Campus West

Aachens Großbaustelle

Campus West: Aachens Großbaustelle

Der geplante Campus West neben dem Westbahnhof. Quelle: Masterplan: RKW / FSW / BSV, Visualisierung: formtool¹
  • Beim „Campus West“ geht es um die zweite Campuserweiterung nach Melaten.
  • Es werden Investitionen von einer Milliarde Euro erwartet.
  • Diese Woche soll ein aktualisierter Masterplan beschlossen werden.
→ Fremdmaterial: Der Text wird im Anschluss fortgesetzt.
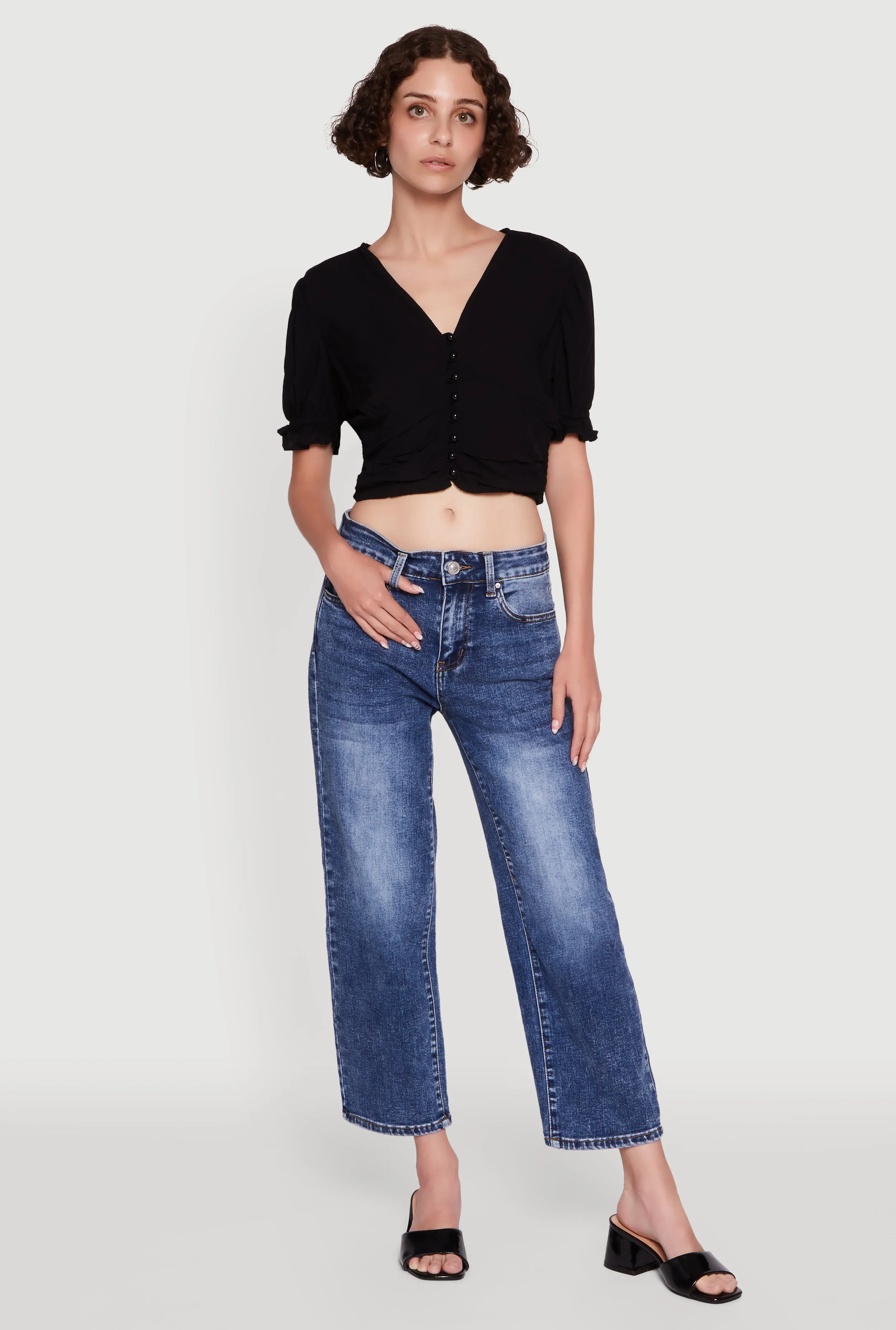 Trendy Puff Sleeve Button Front Peasant Crop Top sold by Rainbow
Aachen | Nicht nur wegen der 325.000 Quadratmetern großen Fläche, sondern auch wegen der Auswirkungen auf Forschung und Umgebung ist der Campus West momentan die wohl wichtigste Großbaustelle in der ganzen Region. Im Wahlkampf für die Kommunalwahlen hört man in vielen Parteiprogrammen Ideen zu der Baustelle. Ein Überblick über das milliardenschwere Projekt gibt es hier.
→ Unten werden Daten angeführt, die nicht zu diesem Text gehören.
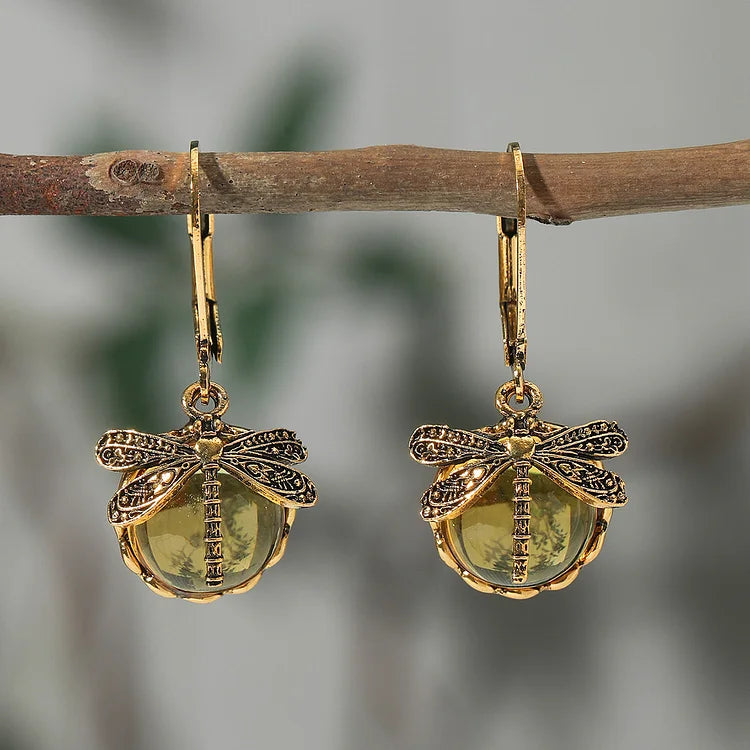 Antique Silver Spherical Dragonfly Earrings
Der Campus der RWTH Aachen wird schon seit einigen Jahren erweitert. Seit 2009 stehen dem wichtigsten Arbeitgeber und Ausbilder der Region neue Flächen beim Campus Melaten zur Verfügung. Dabei stellt Melaten nur die erste Ausbaustufe des Geländes dar. Ein neues Gebiet nord-östlich des Westbahnhofes wird geschaffen: der Campus West.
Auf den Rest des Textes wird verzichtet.